- Opening Delimiter -
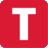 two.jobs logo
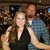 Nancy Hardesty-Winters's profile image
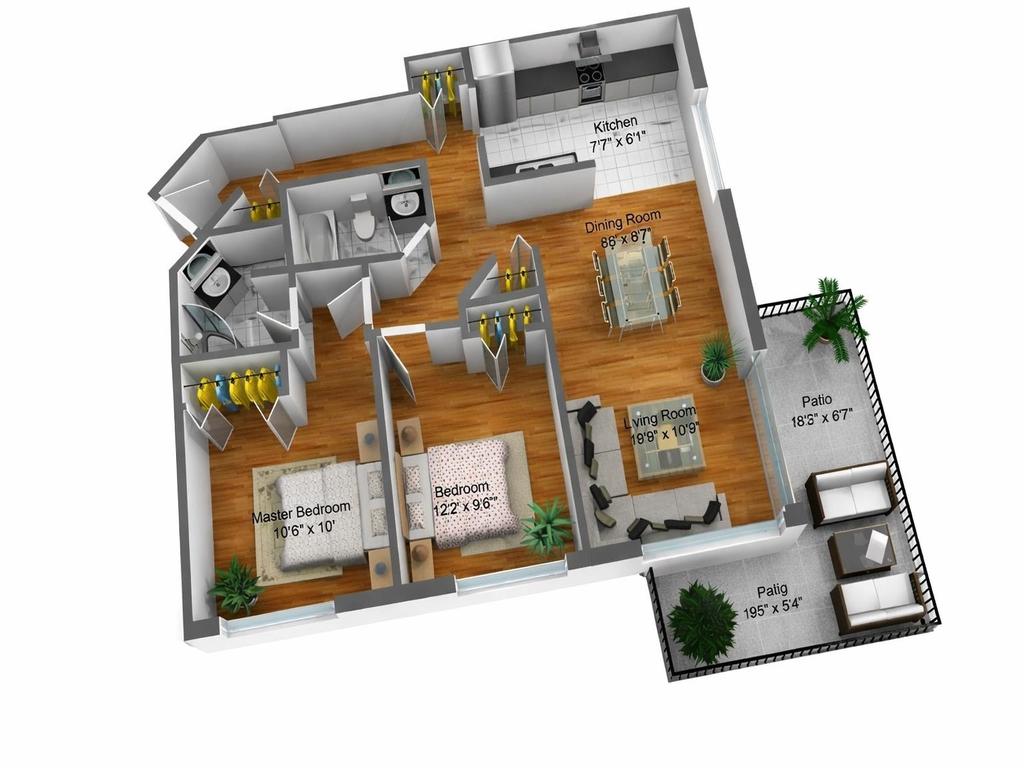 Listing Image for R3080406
- Closing Delimiter -
- Opening Delimiter -
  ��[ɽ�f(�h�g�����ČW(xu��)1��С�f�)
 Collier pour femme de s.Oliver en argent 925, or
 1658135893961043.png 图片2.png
- Closing Delimiter -
— Work order —
What you return must be an exact retyping of the lines above starting at the line with "Collier pour femme" and ending at the line with "1658135893961043.png 图片2.png", and nothing besides.

— Reply —
 Collier pour femme de s.Oliver en argent 925, or
 1658135893961043.png 图片2.png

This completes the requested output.